Estaba oscureciendo y había una pareja de pinazas en las cercanías cuando Diego Flores de Valdés subió a popa para protestar. Oficial de experiencia, comandante de los galeones de Castilla, estaba en el buque insignia por indicación del rey, ostentando el cargo de jefe de Estado Mayor del capitán general y principal consejero en cuestiones navales y militares. Declaró que el duque debía volver a su puesto y la flota reanudar su: ruta hacia el Este. Siguiendo allí, en medio del mar embravecido, los barcos podían fácilmente chocar entre sí o diseminarse durante la noche, de forma que al amanecer el duque quizá no divisase la mitad de la flota. Era imposible continuar con aquel desorden frente al enemigo, poniendo en peligro el éxito y la seguridad de toda la flota por causa de un solo barco.
Según padece, siguió una amarga y acalorada discusión.

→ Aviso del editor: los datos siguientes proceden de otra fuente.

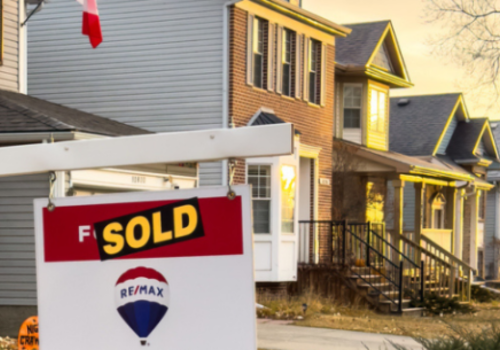 Residential Market Commentary - October sales spark hope – November 24 2025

Se cree que Diego Flores fue apoyado por otro oficial—quizá Bobadilla, maestre de campo general—. Finalmente, el duque accedo a la propuesta, aunque sin dejar de insistir en que había de permanecer allí hasta que llegase Ojeda en el pequeño galeón que hacía las veces de capitana de la reserva y cuatro pinazas para tomar posesión, y asegurarle que las órdenes dadas a una de las galeazas y la nave almiranta de las andaluzas, para que ayudasen al salvamento, habían sido recibidas. Luego el duque viró hacia atrás y volvió a su posición en el grueso de la flota y ésta en formación cerrada reanudó su avance. Poco después el roncar de los pesados cañones, que entre la oscuridad resonaba aún de modo más fuerte precisamente hacia donde el Rosario se hundía, resultó impresionante.
El duque había permanecido todo el día en cubierta sin probar bocado desde el desayuno. Tampoco entonces bajó a la cámara. Un muchacho le trajo pan y queso a la cubierta de popa, donde quedó largo rato apoyado en el coronamiento, contemplando la estela y las sombras que iban quedando atrás. Su primer fracaso verdadero fue abandonar al Rosario a su suerte. Sabía que, no importaba quién le hubiera aconsejado ni que el consejo fuese sensato, la culpa de lo ocurrido recaería sobre él. Quizá sólo entonces recordó que Diego Flores de Valdés y Pedro de Valdés, además de primos, eran implacables enemigos.